そこかしこでフラッシュが焚かれ、カメラのレンズがずいっと彼へと迫る。
「その尽きることのない研究への情熱! 流石はニコル博士です!」
「貴方なら必ず実現させられますよ! 我々はニコル博士を信じておりますから!」
「あの、すみません。僕、これから行かなければならない場所がありますので、この辺で……」
なおも話を聞こうと食い下がってくる報道陣に頭を下げて、車のドアを後ろ手に開けるニコル。
彼の周囲にいた護衛たちが、彼の傍から離れさせようと手を広げて報道陣を追いやり始めた。
その時だった。彼らの立っている場所だけが急激に暗くなったのは。
きぃぃぃぃぃん、と耳鳴りのように響く何かの音。
それは次第に大きくなり、爆音となって、彼らの頭上へと迫ってきた。
何事かと頭上を仰ぐニコル。
「……!?」
彼の視界に映ったのは、業火に包まれて眩く輝くジャンボジェット機が、自分めがけて落ちてくる光景。
その場から逃げ出すどころか、悲鳴すら上げられぬまま──
ジャンボジェット機は墜落し、派手に爆発して辺りに火の粉と機体の部品を撒き散らしたのだった。
「…………」
それから、どれくらい気を失っていたのだろうか──
ニコルはぐらぐらする頭を緩慢に振りながら、閉じていた瞼に力を入れた。
全身が痛む。まるで長いこと寝たきり生活を送ってきたせいで筋肉が衰えてしまったかのように、体に力が入らなかった。
僕は……今まで何をして……
そうだ、急に飛行機が落ちてきて、それで……
僕は……生きているのか?
自問自答しながら身を起こし、ゆっくりと目を開けて、辺りを見回す。
ぼんやりとした視界に映ったのは、乾いて罅割れた地面と、そこに散乱した大量の機械の部品と思わしきもの。

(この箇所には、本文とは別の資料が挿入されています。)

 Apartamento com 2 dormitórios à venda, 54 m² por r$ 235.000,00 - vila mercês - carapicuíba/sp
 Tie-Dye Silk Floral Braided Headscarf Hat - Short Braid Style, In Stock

そして、もはや原型を留めていないほどにばらばらになった人間の部品だった。
ペンキの缶を叩き付けたかのようにべったりと飛び散った赤黒い血。腹の中に入っていたと思わしき肉の欠片。砕けた頭と、その中から零れた薄桃色の何か。
鉄錆とオイルの臭いが、辺りに濃く漂っている。
「……あ……え……!?」
ニコルは、それを目にして愕然となった。
大量の人間の死体。それにも無論驚かされたが、それ以上のショックを与えるものがそこにはあった。

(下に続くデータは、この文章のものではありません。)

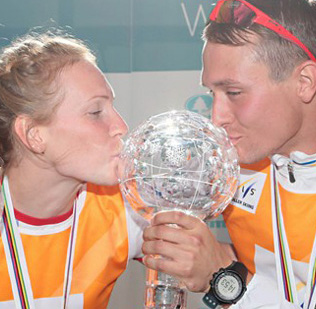 Marcus Johansson and Ksenia Konohova won...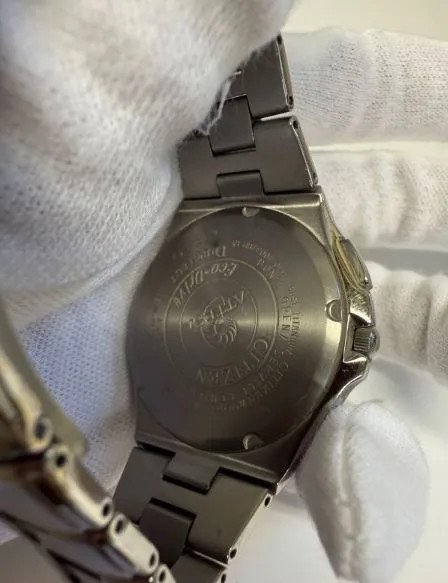 [Wristwatch] Working condition, excellent condition. CITIZEN H410-T003788 Attesa
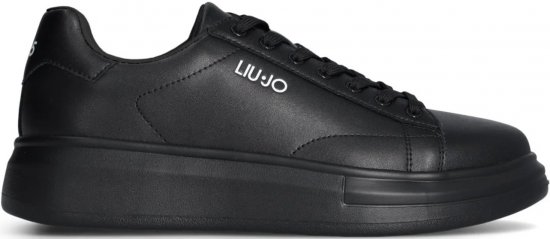 Liu Jo Big 01 Leather Sneakers Black/Black - Scarpe da uomo 40-52 - 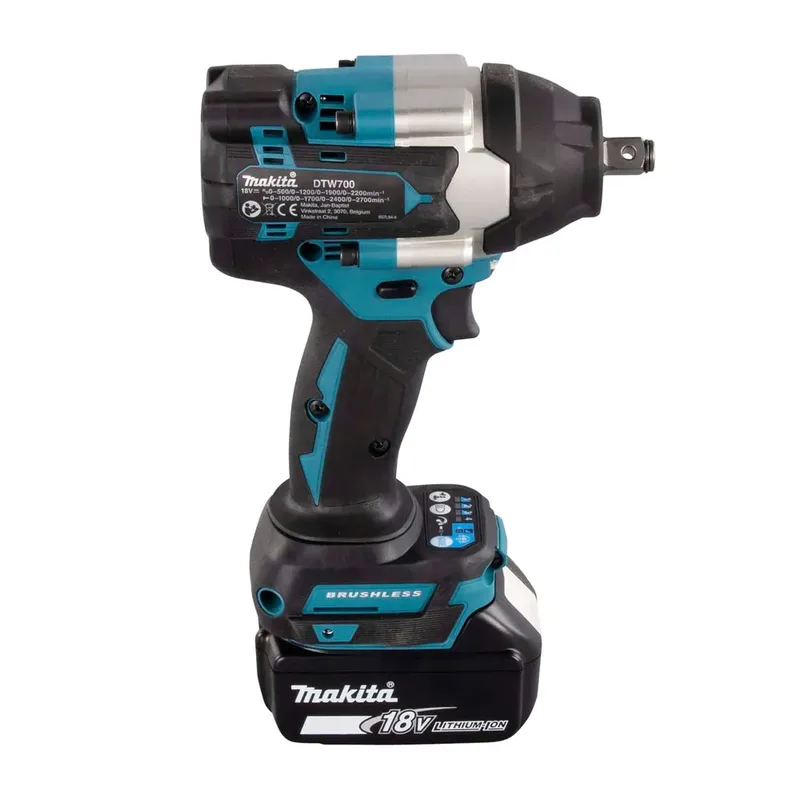 DTW700Z 18V Li-ion accu slagmoersleutel body - 1/2 - koolborstelloos van Makita – productafbeelding 6 van 6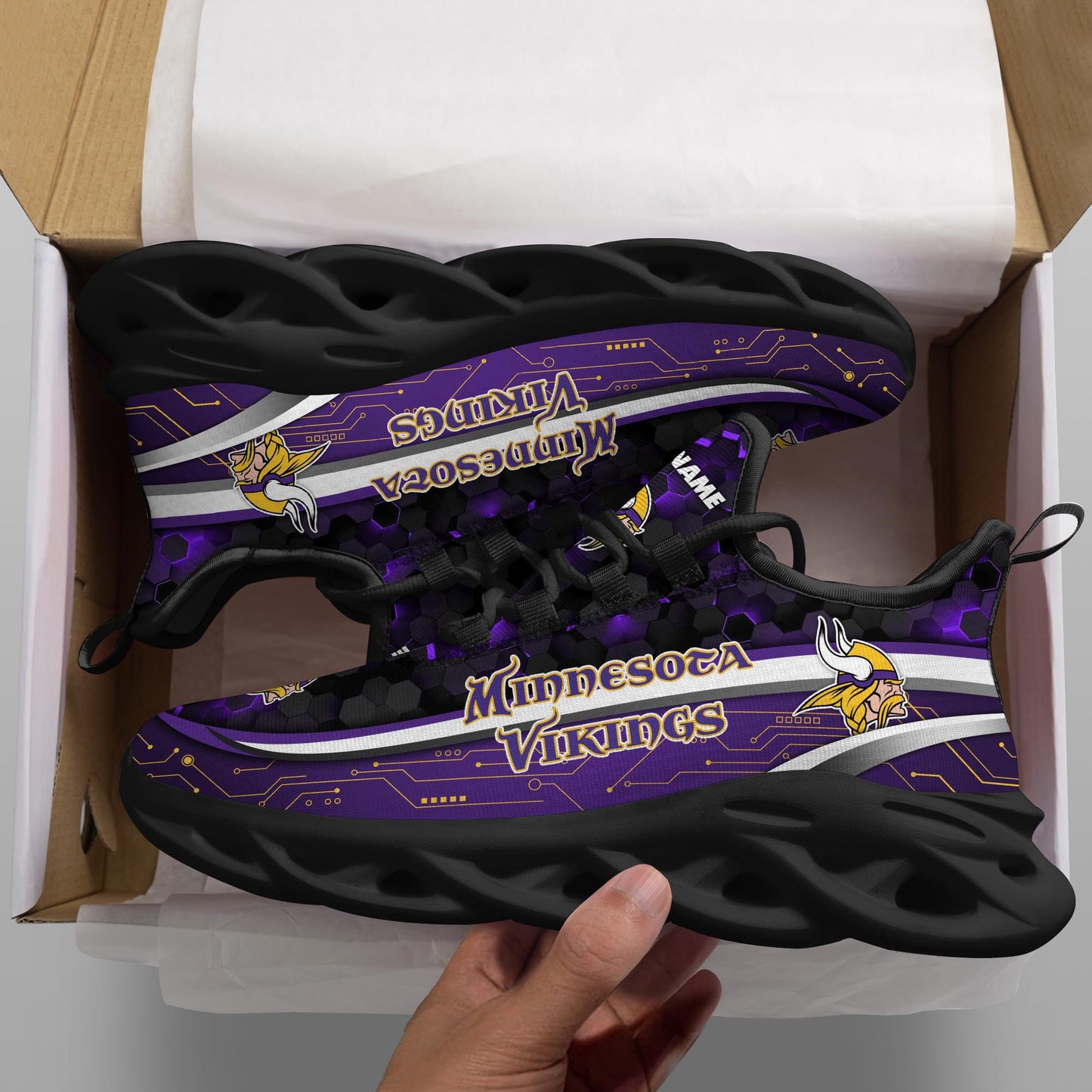 Minnesota Vikings Personalized Yezy Running Sneakers 72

ニコルが見ているのは、彼を取り巻くこの環境そのもの──
厚いオリーブ色の雲がぽつぽつと浮かぶ、黄金色に染まった空が何処までも続いている。
植物など全く生えていなさそうな灰色の山が遠くに連なっている。
周辺はただ平坦とした罅割れの土地が広がっているばかり。
所々に点々と生えている木は皆立ち枯れており、命の存在などこれっぽっちも感じられない。
彼がいたはずの街の風景は、何処にもない。
まるで、核兵器でも落とされて一瞬にして全てが吹き飛んでしまったかのような──死した世界が、広がっていた。
「……何も、ない……そんな……嘘だ……」
呆然と呟きながら、立ち上がる。
乾いた風が背中から吹いてきて、彼の髪と白衣を揺らし、顔を撫でつけていく。
飛行機の爆発で、全部吹っ飛んで……? いや、そんなまさか……
未だ混乱している頭を懸命に働かせて、この状況を理解しようとするニコル。
ざり……
背後で、小さく砂を踏み潰す音がした。
良かった、僕以外にも人がいた!
この状況が何なのかを知るべく彼は音のした方に振り向いて、
「……ひっ!?」
小さく悲鳴を漏らして思わずその場を後ずさるニコルを見つめながら、その者は静かに右手を真横に持ち上げる。
その手は──ぶよぶよとした青緑色の水泡を幾つも備え、蛸の触手を彷彿とさせる異様な形をした代物だった。